L’apnéiste français, champion du monde, est de retour en Nouvelle-Calédonie. Président du jury du festival, il a donné une conférence et a également pu faire quelques plongées. Guillaume Néry nous explique son rapport à cette discipline et au monde sous-marin qu’il s’évertue à défendre.
DNC : C’est une satisfaction ce retour en Nouvelle-Calédonie ?
Guillaume Néry : La Nouvelle-Calédonie m’avait manqué. C’est la cinquième fois que je viens. Je suis un amoureux du Pacifique, mais je vais davantage en Polynésie. Et c’est chouette de voir les différences, les petites nuances. C’est dur de juger sur ces courts moments, mais j’ai trouvé les récifs coralliens en forme avec une belle diversité, en tout cas sur la pente externe. Ça fait plaisir de voir des endroits où ça a l’air encore ultra sain.
Vous militez pour changer les logiques sur la protection de la biodiversité. Qu’est-ce qui se joue ?

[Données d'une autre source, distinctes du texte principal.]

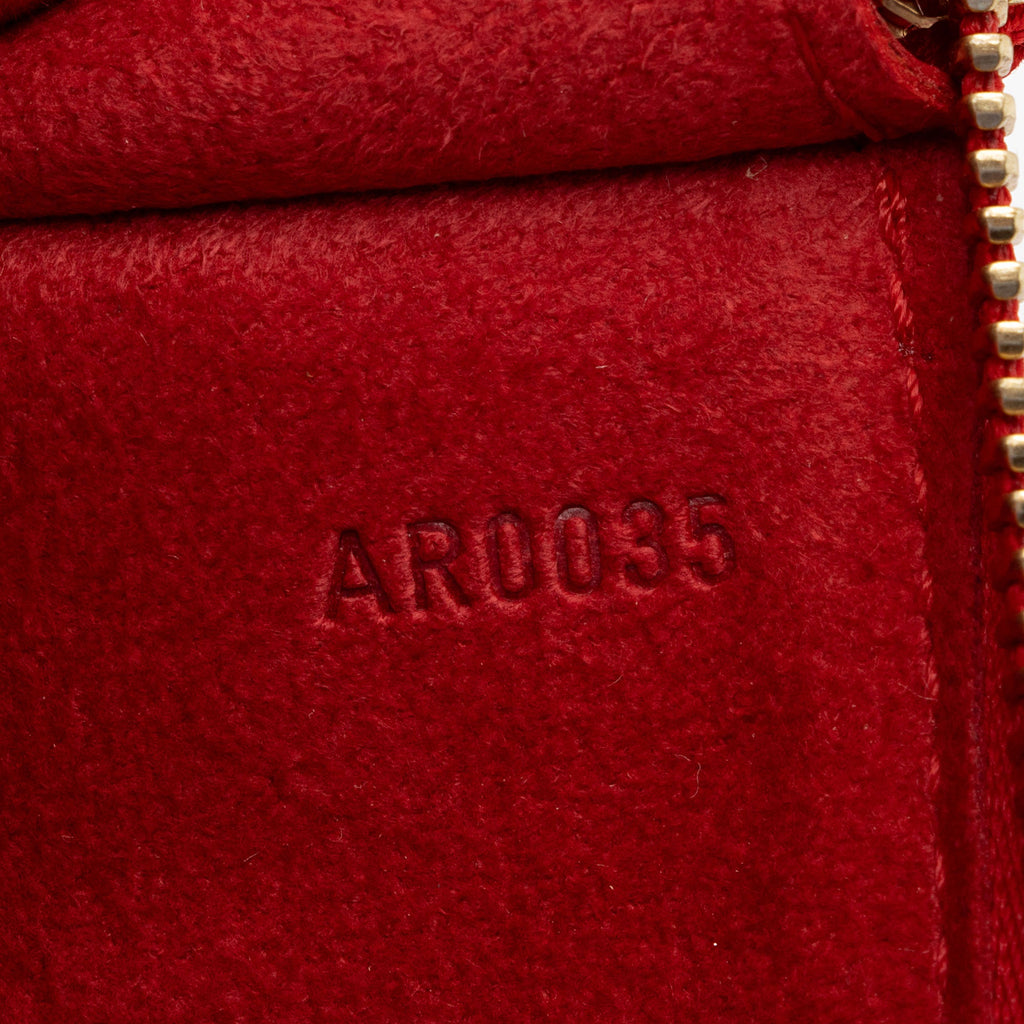 Louis Vuitton Epi Leather Pochette 24 Accessories (SHF-xoy5xh)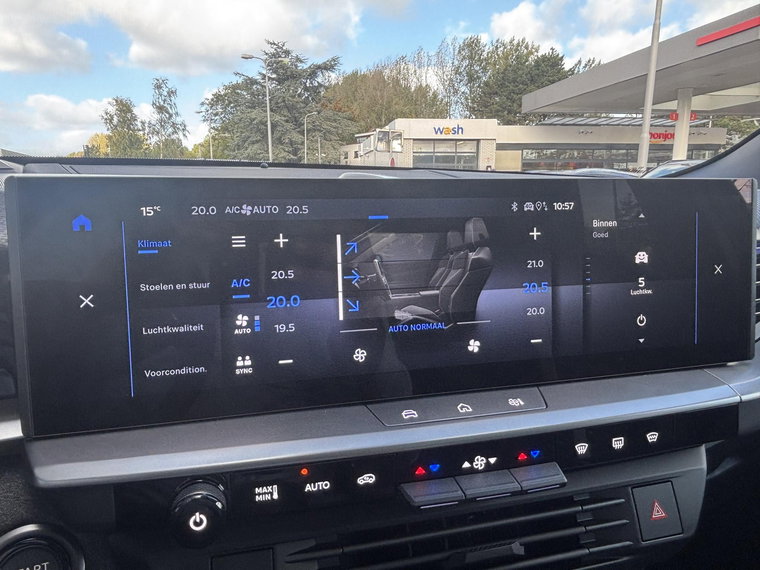 Vehicle Image 39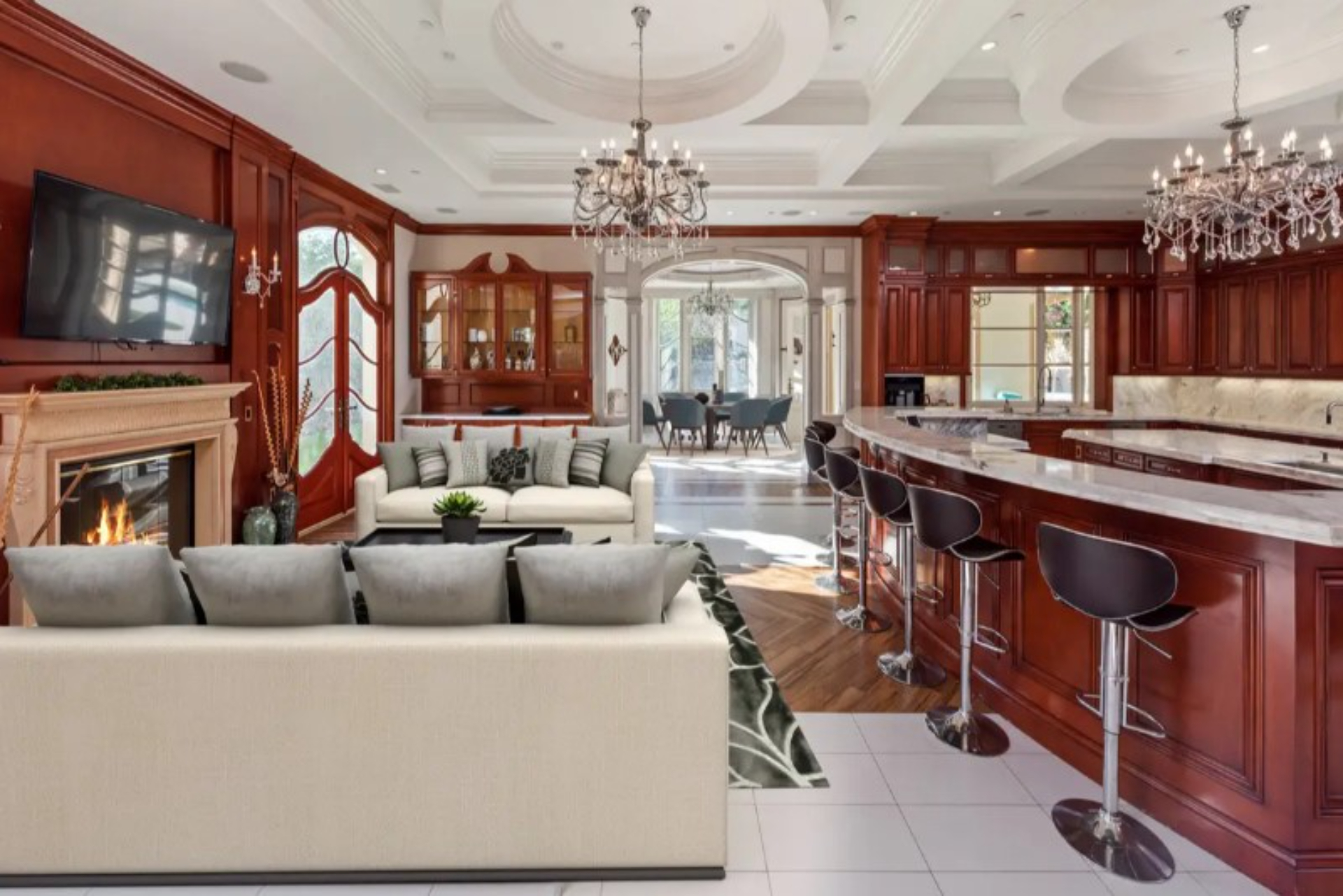 Ballroom Mansion | Photo 7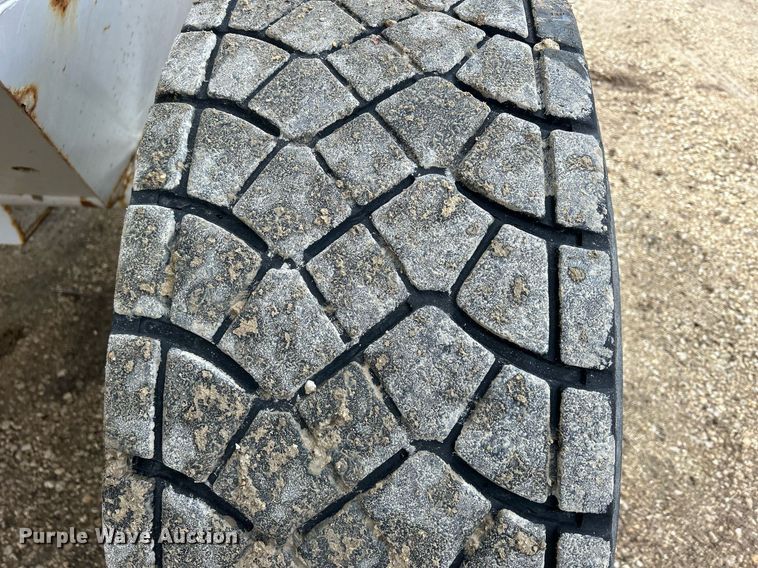 image for item DS0801 Kuhn Knight  8132 manure spreader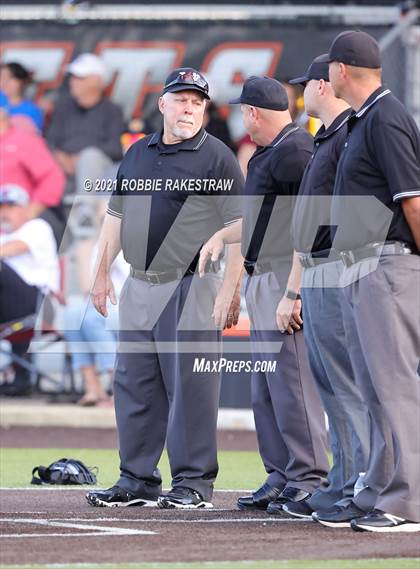 Thumbnail 1 in Sunnyvale vs. Bullard (UIL 4A Area) photogallery.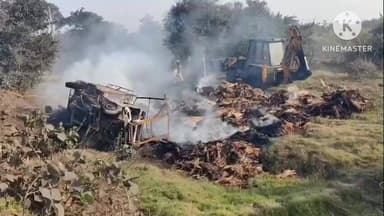 নিতুড়িয়া: আগুন লেগে ভস্মীভূত খড় বোঝাই গাড়ি নিতুড়িয়ার মূর্গাবনীতে,ঘটনাস্থলে দমদম পৌঁছে আগুন নিভিয়ে ফেলে,ঘটনায় চাঞ্চল্য ছড়ায়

On parle beaucoup du réchauffement climatique, parce que les impacts se font sentir. C’est le sujet qui fait le plus peur, qui est très relayé médiatiquement. Il va entraîner des effondrements de biodiversité parce que, si la mer se réchauffe, les récifs coralliens vont crever. Mais il y a une destruction du vivant qui est déjà en cours et sur laquelle j’ai l’impression qu’il pourrait être plus facile d’agir, avec des impacts immédiats. Mais il y a une inertie absolument abominable du fait des intérêts économiques. On fait des micro pas face à l’ampleur du problème.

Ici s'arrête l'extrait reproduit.